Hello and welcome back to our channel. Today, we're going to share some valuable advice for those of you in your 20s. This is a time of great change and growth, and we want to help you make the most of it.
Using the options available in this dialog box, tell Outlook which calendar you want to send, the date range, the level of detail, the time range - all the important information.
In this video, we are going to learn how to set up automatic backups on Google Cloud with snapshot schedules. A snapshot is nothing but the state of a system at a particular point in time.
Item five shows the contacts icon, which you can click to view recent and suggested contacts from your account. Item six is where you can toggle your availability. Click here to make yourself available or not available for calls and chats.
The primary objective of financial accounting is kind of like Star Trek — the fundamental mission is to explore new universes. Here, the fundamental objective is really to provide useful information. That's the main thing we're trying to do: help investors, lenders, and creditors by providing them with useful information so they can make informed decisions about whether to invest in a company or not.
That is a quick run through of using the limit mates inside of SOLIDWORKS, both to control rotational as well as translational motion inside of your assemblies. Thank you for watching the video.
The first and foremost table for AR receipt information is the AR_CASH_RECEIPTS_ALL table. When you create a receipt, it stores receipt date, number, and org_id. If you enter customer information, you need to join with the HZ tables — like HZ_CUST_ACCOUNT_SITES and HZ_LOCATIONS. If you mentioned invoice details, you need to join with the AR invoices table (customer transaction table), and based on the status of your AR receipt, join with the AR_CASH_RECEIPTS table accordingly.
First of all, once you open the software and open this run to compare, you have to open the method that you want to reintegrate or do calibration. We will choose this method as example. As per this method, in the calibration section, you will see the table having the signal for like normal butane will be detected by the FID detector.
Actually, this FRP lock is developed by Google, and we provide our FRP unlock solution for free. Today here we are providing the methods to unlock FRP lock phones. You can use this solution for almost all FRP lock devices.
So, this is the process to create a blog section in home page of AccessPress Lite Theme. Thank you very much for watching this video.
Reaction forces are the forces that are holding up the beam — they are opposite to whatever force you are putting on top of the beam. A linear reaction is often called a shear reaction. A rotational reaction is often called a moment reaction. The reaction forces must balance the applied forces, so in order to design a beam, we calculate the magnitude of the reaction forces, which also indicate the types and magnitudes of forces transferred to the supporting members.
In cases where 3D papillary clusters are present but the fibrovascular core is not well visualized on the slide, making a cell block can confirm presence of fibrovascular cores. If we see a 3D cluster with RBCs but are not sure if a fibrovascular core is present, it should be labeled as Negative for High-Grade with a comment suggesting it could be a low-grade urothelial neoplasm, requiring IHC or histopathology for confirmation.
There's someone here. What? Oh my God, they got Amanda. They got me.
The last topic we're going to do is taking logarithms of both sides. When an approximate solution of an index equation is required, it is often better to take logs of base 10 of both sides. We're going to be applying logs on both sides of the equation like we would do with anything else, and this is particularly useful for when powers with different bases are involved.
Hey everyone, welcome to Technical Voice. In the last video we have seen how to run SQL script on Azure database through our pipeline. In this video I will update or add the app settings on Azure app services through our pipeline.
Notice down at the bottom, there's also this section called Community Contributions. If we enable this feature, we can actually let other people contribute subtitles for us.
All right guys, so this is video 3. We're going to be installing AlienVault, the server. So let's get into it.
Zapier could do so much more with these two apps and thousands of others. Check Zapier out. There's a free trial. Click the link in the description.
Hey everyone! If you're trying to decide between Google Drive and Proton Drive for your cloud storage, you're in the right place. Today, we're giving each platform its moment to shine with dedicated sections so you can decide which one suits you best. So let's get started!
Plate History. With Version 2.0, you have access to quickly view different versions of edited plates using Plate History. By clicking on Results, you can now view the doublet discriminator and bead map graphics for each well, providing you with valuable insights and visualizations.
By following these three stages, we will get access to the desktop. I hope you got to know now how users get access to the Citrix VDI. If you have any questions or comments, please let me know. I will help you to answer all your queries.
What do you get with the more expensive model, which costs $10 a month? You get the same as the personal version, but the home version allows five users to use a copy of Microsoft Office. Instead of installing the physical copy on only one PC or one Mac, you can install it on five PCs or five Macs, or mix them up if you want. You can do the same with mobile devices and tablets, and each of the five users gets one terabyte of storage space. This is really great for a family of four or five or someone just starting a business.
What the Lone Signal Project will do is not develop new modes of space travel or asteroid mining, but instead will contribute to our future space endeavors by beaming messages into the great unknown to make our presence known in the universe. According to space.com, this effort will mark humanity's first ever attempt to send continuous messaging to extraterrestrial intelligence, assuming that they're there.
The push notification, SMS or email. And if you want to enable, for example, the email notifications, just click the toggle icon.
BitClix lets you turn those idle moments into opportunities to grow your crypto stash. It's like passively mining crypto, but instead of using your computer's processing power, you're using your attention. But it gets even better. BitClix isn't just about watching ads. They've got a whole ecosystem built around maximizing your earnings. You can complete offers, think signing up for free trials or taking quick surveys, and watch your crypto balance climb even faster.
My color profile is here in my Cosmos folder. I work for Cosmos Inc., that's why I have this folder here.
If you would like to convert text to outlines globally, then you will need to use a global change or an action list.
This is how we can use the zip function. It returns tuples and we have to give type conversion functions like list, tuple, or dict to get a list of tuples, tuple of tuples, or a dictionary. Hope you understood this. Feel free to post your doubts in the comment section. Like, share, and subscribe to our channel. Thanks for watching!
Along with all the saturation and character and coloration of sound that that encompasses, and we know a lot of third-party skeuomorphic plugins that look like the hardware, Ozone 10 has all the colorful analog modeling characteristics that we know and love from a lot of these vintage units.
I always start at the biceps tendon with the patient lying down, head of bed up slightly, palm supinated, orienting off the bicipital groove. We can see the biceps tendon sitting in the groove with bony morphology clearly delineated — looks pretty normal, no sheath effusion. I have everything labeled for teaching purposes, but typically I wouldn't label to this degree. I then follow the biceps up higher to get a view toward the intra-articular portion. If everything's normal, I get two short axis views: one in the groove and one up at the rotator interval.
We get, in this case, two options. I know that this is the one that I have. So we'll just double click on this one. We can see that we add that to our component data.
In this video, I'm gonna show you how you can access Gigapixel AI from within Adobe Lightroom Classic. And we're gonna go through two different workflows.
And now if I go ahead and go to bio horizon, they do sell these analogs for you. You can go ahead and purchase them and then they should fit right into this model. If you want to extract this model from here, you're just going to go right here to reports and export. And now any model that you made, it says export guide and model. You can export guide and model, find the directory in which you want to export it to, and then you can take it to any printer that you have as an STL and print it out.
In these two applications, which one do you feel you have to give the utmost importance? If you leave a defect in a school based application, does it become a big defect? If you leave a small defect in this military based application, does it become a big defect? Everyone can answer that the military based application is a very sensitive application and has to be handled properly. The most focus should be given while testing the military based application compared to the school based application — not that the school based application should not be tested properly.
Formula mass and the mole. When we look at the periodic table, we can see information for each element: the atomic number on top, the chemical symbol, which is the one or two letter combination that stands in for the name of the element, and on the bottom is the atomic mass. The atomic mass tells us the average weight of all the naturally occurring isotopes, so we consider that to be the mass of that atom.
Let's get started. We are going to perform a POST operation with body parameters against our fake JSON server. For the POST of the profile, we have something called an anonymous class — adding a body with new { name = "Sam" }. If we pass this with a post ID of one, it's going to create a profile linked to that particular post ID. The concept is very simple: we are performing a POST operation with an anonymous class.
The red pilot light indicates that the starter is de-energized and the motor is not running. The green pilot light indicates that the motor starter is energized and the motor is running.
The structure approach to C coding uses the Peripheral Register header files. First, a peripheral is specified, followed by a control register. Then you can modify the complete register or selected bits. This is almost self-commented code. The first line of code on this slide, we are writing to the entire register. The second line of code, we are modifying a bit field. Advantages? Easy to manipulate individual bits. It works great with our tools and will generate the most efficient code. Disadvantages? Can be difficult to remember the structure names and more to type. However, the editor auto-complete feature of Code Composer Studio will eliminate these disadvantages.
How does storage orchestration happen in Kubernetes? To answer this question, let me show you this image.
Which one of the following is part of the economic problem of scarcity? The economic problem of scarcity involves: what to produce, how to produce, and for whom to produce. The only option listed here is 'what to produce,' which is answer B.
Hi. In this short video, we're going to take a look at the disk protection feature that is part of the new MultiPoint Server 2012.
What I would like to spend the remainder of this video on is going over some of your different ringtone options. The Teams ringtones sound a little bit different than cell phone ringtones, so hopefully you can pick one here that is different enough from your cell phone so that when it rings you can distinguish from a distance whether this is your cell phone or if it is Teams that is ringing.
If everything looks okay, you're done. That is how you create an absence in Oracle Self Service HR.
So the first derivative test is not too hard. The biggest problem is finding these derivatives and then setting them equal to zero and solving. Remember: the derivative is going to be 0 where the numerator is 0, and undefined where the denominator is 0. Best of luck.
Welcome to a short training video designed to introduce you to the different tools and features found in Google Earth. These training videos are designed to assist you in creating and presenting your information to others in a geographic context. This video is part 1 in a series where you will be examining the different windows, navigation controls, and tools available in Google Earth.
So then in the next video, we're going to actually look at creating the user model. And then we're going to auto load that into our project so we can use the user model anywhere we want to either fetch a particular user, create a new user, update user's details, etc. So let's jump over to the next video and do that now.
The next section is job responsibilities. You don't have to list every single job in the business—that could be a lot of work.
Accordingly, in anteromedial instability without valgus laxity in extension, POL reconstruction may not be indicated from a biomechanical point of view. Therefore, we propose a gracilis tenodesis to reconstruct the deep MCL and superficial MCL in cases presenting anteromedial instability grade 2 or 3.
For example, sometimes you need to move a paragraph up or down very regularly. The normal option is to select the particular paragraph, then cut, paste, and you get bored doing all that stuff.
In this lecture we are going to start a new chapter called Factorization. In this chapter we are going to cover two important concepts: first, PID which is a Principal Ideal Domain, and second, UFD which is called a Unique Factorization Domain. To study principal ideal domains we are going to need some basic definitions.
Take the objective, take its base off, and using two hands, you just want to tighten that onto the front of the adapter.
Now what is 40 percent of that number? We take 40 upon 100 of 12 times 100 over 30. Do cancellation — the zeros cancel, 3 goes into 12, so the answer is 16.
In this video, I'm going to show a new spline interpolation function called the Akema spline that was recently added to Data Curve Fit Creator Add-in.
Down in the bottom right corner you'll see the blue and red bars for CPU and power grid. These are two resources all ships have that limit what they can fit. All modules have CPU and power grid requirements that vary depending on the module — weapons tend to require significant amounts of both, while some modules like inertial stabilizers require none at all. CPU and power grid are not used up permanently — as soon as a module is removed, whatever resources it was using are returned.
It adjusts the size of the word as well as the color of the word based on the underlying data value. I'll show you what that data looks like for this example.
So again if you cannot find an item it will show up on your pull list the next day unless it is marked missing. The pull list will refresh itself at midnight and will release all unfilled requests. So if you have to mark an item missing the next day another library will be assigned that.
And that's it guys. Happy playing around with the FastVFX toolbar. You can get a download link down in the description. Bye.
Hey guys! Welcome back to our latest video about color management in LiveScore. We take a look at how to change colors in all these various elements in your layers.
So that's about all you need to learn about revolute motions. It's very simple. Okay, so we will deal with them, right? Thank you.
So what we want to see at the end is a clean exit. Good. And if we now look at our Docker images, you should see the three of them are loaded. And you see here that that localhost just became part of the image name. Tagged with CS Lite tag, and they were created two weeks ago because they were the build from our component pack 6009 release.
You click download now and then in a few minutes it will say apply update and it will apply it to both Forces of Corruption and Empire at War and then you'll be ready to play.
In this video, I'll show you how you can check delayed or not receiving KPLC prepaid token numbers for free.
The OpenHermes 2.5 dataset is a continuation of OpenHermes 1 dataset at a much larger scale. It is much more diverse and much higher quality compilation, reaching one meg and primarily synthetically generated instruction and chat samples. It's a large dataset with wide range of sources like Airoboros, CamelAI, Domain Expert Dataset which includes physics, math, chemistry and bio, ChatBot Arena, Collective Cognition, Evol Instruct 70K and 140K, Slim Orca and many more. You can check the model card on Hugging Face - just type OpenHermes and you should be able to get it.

........

• **WORK INSTRUCTIONS**: Set down, exactly as they appear above, all lines from the one that has "BitClix lets you" down to the one that has "In this video, I'm gonna", including those two and no others.

• **TASK SOLUTION**:
BitClix lets you turn those idle moments into opportunities to grow your crypto stash. It's like passively mining crypto, but instead of using your computer's processing power, you're using your attention. But it gets even better. BitClix isn't just about watching ads. They've got a whole ecosystem built around maximizing your earnings. You can complete offers, think signing up for free trials or taking quick surveys, and watch your crypto balance climb even faster.
My color profile is here in my Cosmos folder. I work for Cosmos Inc., that's why I have this folder here.
If you would like to convert text to outlines globally, then you will need to use a global change or an action list.
This is how we can use the zip function. It returns tuples and we have to give type conversion functions like list, tuple, or dict to get a list of tuples, tuple of tuples, or a dictionary. Hope you understood this. Feel free to post your doubts in the comment section. Like, share, and subscribe to our channel. Thanks for watching!
Along with all the saturation and character and coloration of sound that that encompasses, and we know a lot of third-party skeuomorphic plugins that look like the hardware, Ozone 10 has all the colorful analog modeling characteristics that we know and love from a lot of these vintage units.
I always start at the biceps tendon with the patient lying down, head of bed up slightly, palm supinated, orienting off the bicipital groove. We can see the biceps tendon sitting in the groove with bony morphology clearly delineated — looks pretty normal, no sheath effusion. I have everything labeled for teaching purposes, but typically I wouldn't label to this degree. I then follow the biceps up higher to get a view toward the intra-articular portion. If everything's normal, I get two short axis views: one in the groove and one up at the rotator interval.
We get, in this case, two options. I know that this is the one that I have. So we'll just double click on this one. We can see that we add that to our component data.
In this video, I'm gonna show you how you can access Gigapixel AI from within Adobe Lightroom Classic. And we're gonna go through two different workflows.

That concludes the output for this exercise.